» EXERCISE AIM
Your task is to print all of the data below exactly, with no pictures included.

» RECORDS PROVIDED
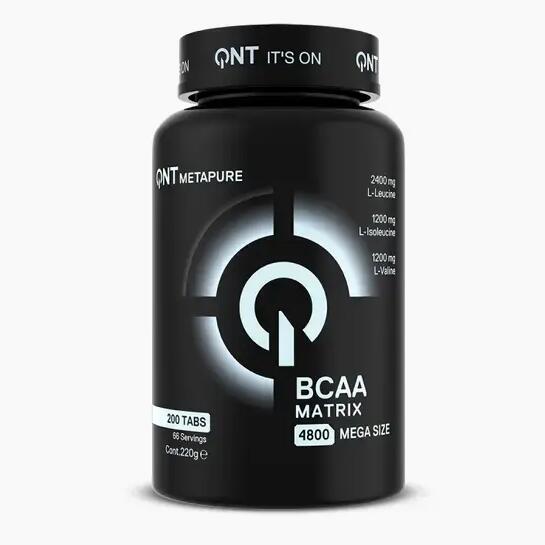Matrix BCAA 4800 - 200 tabs
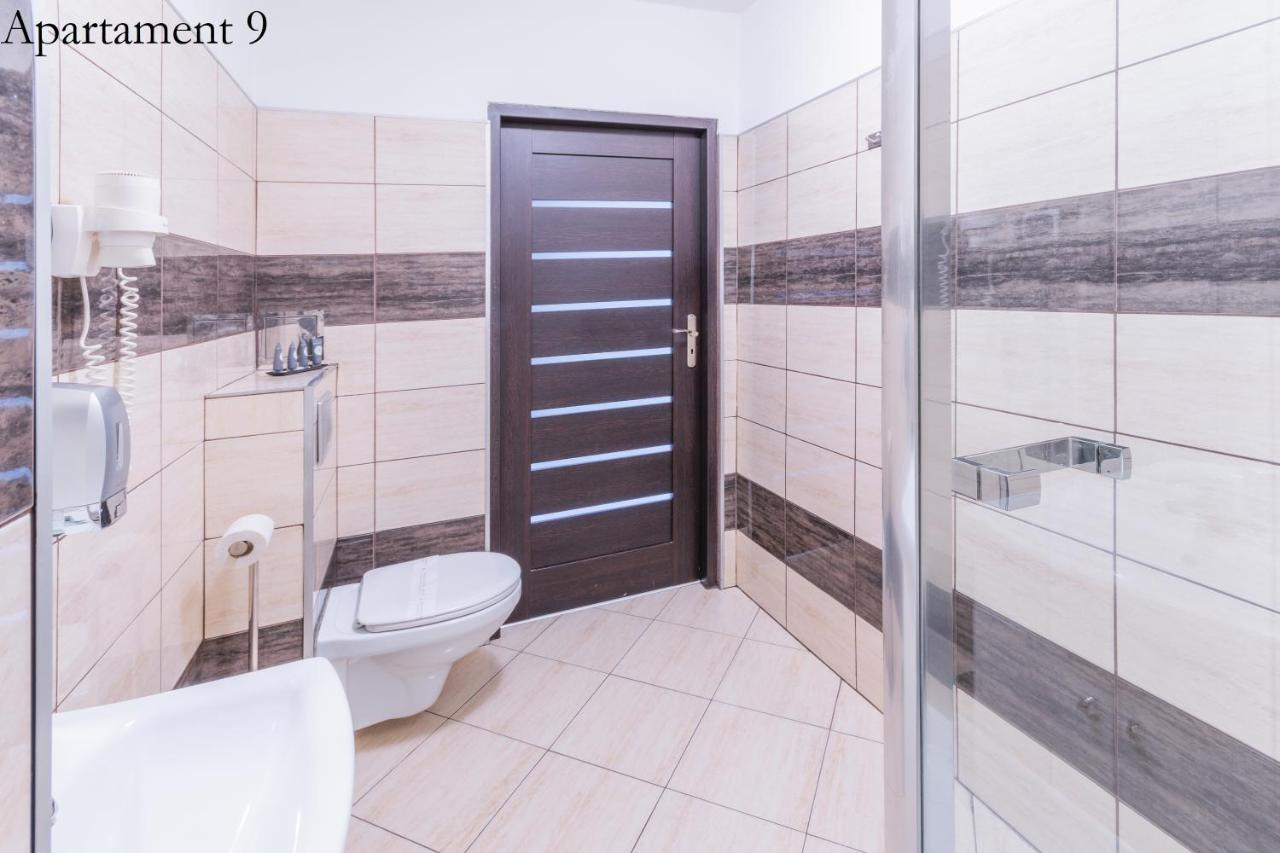 Apartamenty Katowice Bytom Zewnętrze zdjęcie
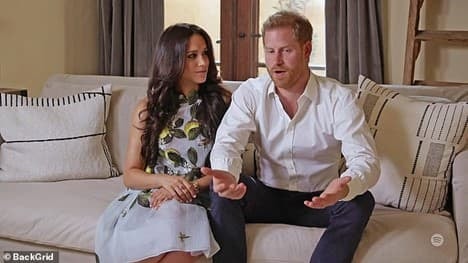 Vợ chồng Meghan bị mỉa mai đạo đức giả khi vừa 'quan ngại' về sai sót của Spotify vừa quyết không nhả ra hợp đồng 500 tỷ  6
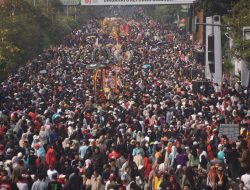 Pesona Nusantara Bekasi Keren Jilid III Jadi Panggung Keberagaman Budaya Indonesia
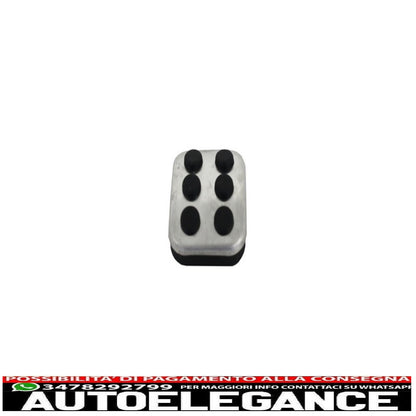 kit poggiapiedi adatto per mercedes classe c w204 (2007-2014) mercedes classe e w211 (2002-2009) mercedes glk (2008-2015) manuale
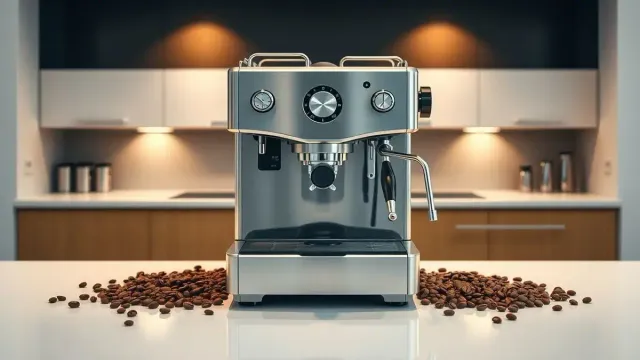 Máquina de Café Espresso Delta Q: Sofisticação, Elegância e Praticidade para 2026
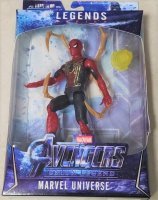 Фигурка Человек паук Spiderman Figure Collection Toys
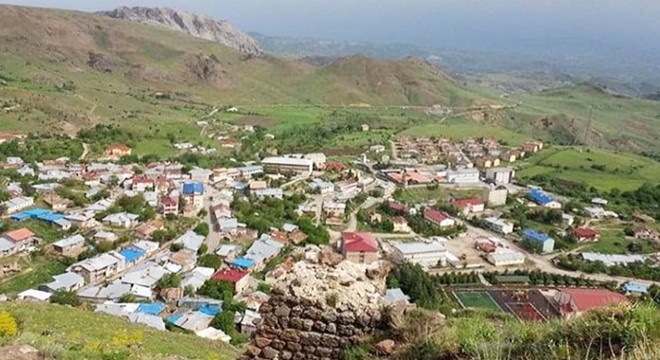 Tunceli de 4 köy ve 1 mahalle, karantinaya alındı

» RESULT OF THE EXERCISE
Matrix BCAA 4800 - 200 tabs
 Apartamenty Katowice Bytom Zewnętrze zdjęcie
 Vợ chồng Meghan bị mỉa mai đạo đức giả khi vừa 'quan ngại' về sai sót của Spotify vừa quyết không nhả ra hợp đồng 500 tỷ  6
 Pesona Nusantara Bekasi Keren Jilid III Jadi Panggung Keberagaman Budaya Indonesia
 kit poggiapiedi adatto per mercedes classe c w204 (2007-2014) mercedes classe e w211 (2002-2009) mercedes glk (2008-2015) manuale
 Máquina de Café Espresso Delta Q: Sofisticação, Elegância e Praticidade para 2026
 Фигурка Человек паук Spiderman Figure Collection Toys
 Tunceli de 4 köy ve 1 mahalle, karantinaya alındı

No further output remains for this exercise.